VBench Vbench Leaderboard

Hi,

How can I get the Total Score, Quality Score, Semantic Score and Selected Score locally?

Jun 24 '24 03:06 BeachWang

We have updated the offline calculation script of the t2v model at https://github.com/Vchitect/VBench/blob/master/README.md#get-final-score-and-submit-to-leaderboard. You may try it locally and before your submit.

Jun 28 '24 06:06 yinanhe

Thank you very much for your response. I have carefully reviewed this portion of the code and noticed that static metrics, such as temporal flickering and motion smoothness, are assigned high weights. On one hand, QUALITY_WEIGHT = 4 will quadruple their effect, and on the other, the parameters in NORMALIZE_DIC may amplify them by a factor of 3 to 5. Have you conducted any experiments previously or do you have any rationale behind these choices?

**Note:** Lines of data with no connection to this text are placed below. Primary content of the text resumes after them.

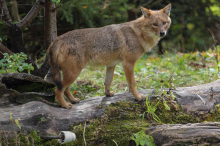 Jagd auf Goldschakal in Kärnten wurde als rechtswidrig eingestuft 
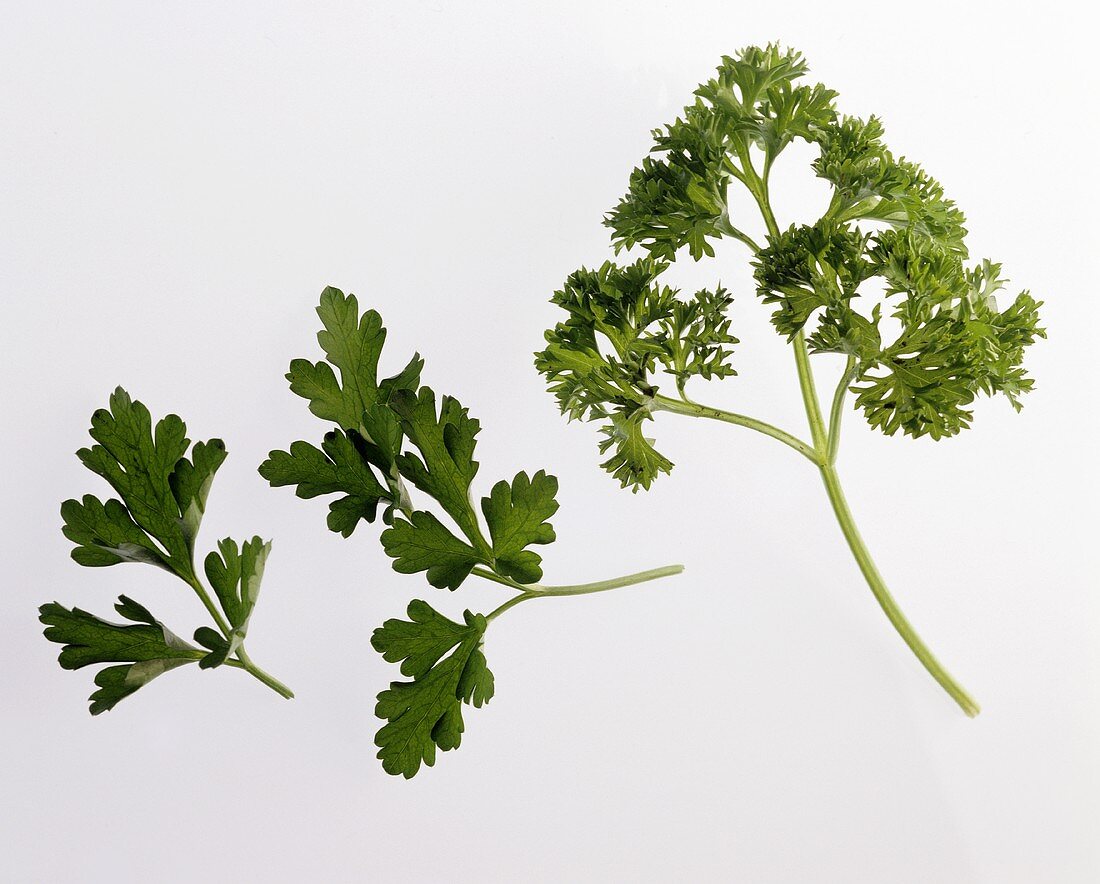 Flat-leaf and curly parsley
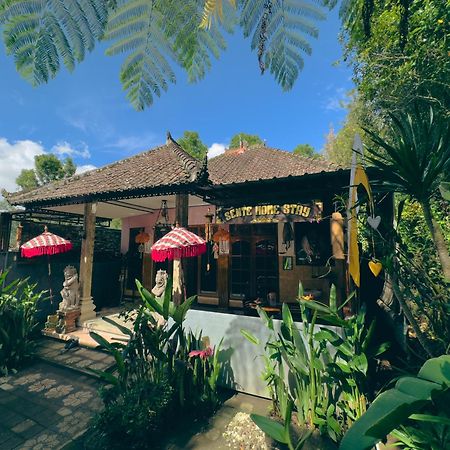 Homestay Sente Munduk Kültér fotó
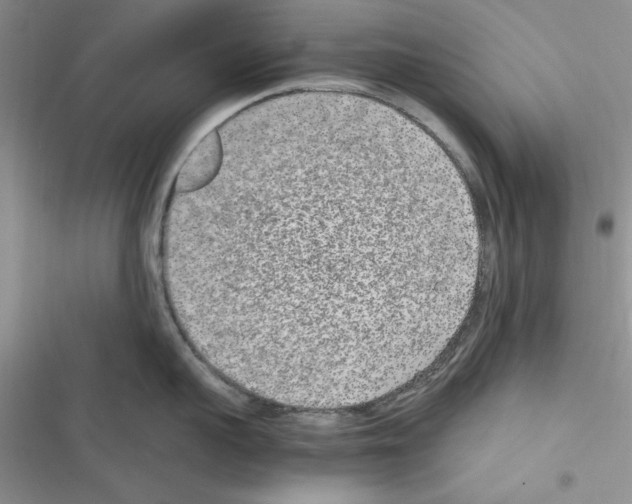 X0000116620959201001221337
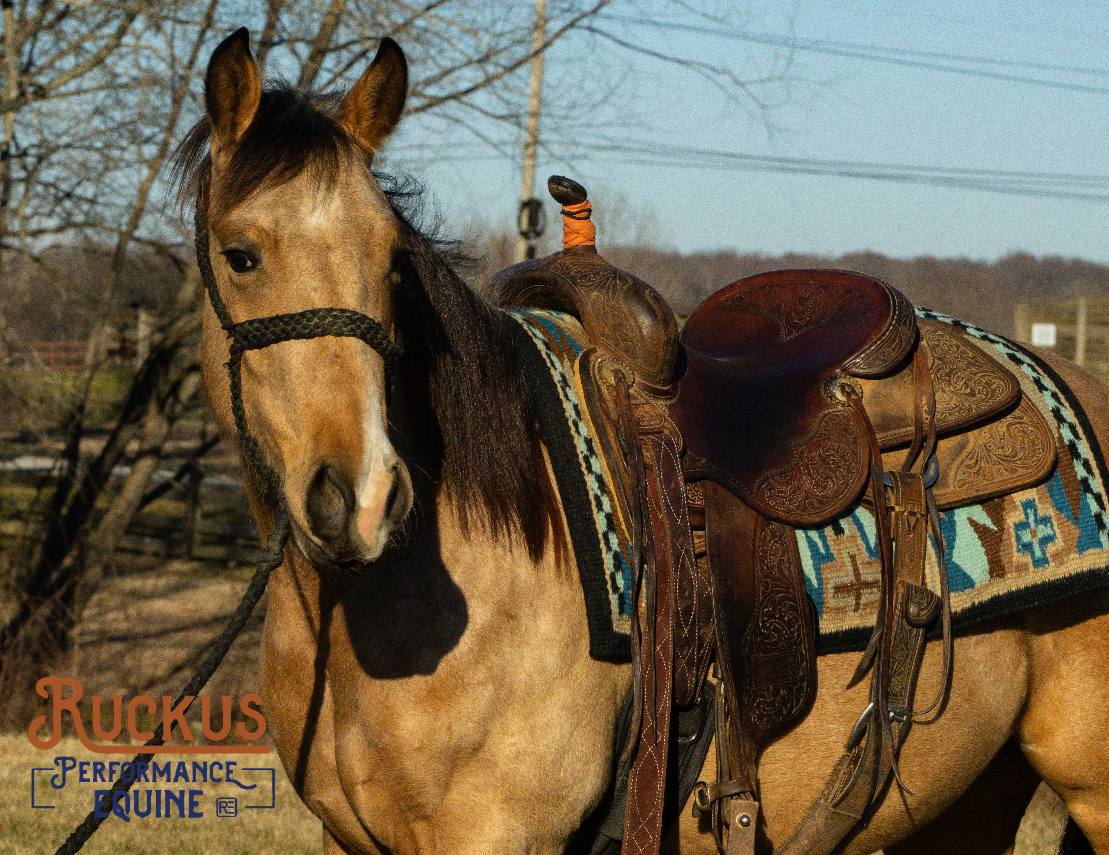 Ruckus Performance Equine | Springfield TN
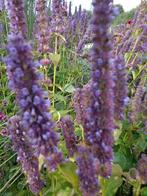 Agastache Blue Fortune Blackadder dropplant P9 €1,50 paars, Tuin en Terras, Planten | Tuinplanten, Zomer, Vaste plant, Ophalen of Verzenden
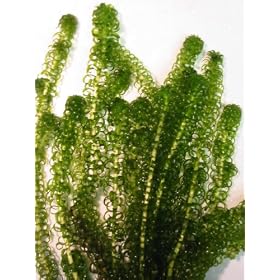 Oxygenating Weed Elodea 10 Pieces with Weights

Jul 08 '24 12:07 BeachWang

Thank you very much for your response. I have carefully reviewed this portion of the code and noticed that static metrics, such as temporal flickering and motion smoothness, are assigned high weights. On one hand, QUALITY_WEIGHT = 4 will quadruple their effect, and on the other, the parameters in NORMALIZE_DIC may amplify them by a factor of 3 to 5. Have you conducted any experiments previously or do you have any rationale behind these choices?

(1) The weights are used to balance the influence from each dimension, since different metrics have different score ranges. (2) There are fewer quality-related metrics compared to video-text alignment (semantic) metrics, and the weights partially help avoid underrepresentation. (3) The rationale is to have overall ranking faithfully reflect the a model's holistic performance. We conducted the experiments on earlier models where the ranking and model quality gap is prominent.

May 06 '25 08:05 ziqihuangg